A significant portion of those who contribute to the campaigns of the two main candidates in the Los Angeles mayoral race have business connections with the city, according to a Times computer study of campaign contributions.
The study, which polled nearly 1,600 contributors, also found that in a city noted for its cultural diversity, Mayor Tom Bradley and his chief opponent, City Councilman John Ferraro, are relying heavily for financial support on a small segment of wealthy white businessmen and lawyers.
The Times study of contributors paints a picture of the typical giver as a middle-aged, Westside homeowner whose annual income of $75,000 or more puts him within the top 3% of income producers in the city.
The study found that 42% of the contributors to Bradley and Ferraro either do business with the city or need the city's approval for work that they or their clients want to undertake.
Many of the contributors--26%--declined to give any reason for their giving. Of those who did answer, 10% said they contributed because they believed that their generosity would be rewarded with benefits ranging from a favorable decision on a project to a private audience with an influential city official.
"Certainly, it helps to give," said a businessman who has contributed more than $1,500 to Bradley, Ferraro and other city officials during the last two years.
"When we had problems with bureaucratic red tape at City Hall, we talked to our council person, and he was able to solve the problem in a matter of a few days. Without his help, it might have taken weeks," said the businessman who asked not to be named.
"Many of the major givers are those with business with the city.

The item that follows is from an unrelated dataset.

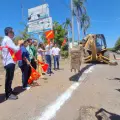 Dan banderazo a rehabilitación de la calle Viena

They have advantages to get from the city, and they get them," said Sheldon Andelson, a prominent Democratic fund-raiser and party activist with ties to a number of local officeholders.
A banker and lawyer, Andelson said he does not have any business interests linked to the city.

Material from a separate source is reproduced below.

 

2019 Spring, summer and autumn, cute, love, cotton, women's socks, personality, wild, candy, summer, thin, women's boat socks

The computer study also shed light on the ethnic and economic background, political affiliation and ages of contributors.
While Bradley and Ferraro vie for the votes of the ethnic groups, poor people, and renters who make up a majority of the city's population, the two candidates get most of their campaign funds from the city's leading real estate developers, lobbyists, lawyers, financiers and entertainment industry executives.
Moreover, the candidates' dependence on what is primarily money from white contributors comes at a time when the white population is shrinking faster than ever before. Between 1970 and 1980, according to the U.S Census, the percentage of whites in the city dropped from 57 to 48.
Even though Bradley is black, only 5% of the contributors are black. The black population is 16% of the city's population. Latinos, accounting for 27% of the city's population, also are under-represented, amounting to only 4% of the contributors.
Compared with the general population of the city, the contributors stand out in a variety of ways. The percentage of homeowners is more than twice as high among contributors as it is among all residents. The percentage of Jews is four times as high and that of Asians is twice as high as their representation in the population of the city.
The Times polled 1,573 contributors who provided most of the money raised by Bradley since the end of his 1982 gubernatorial campaign and by Ferraro in the three years since he won reelection to the City Council.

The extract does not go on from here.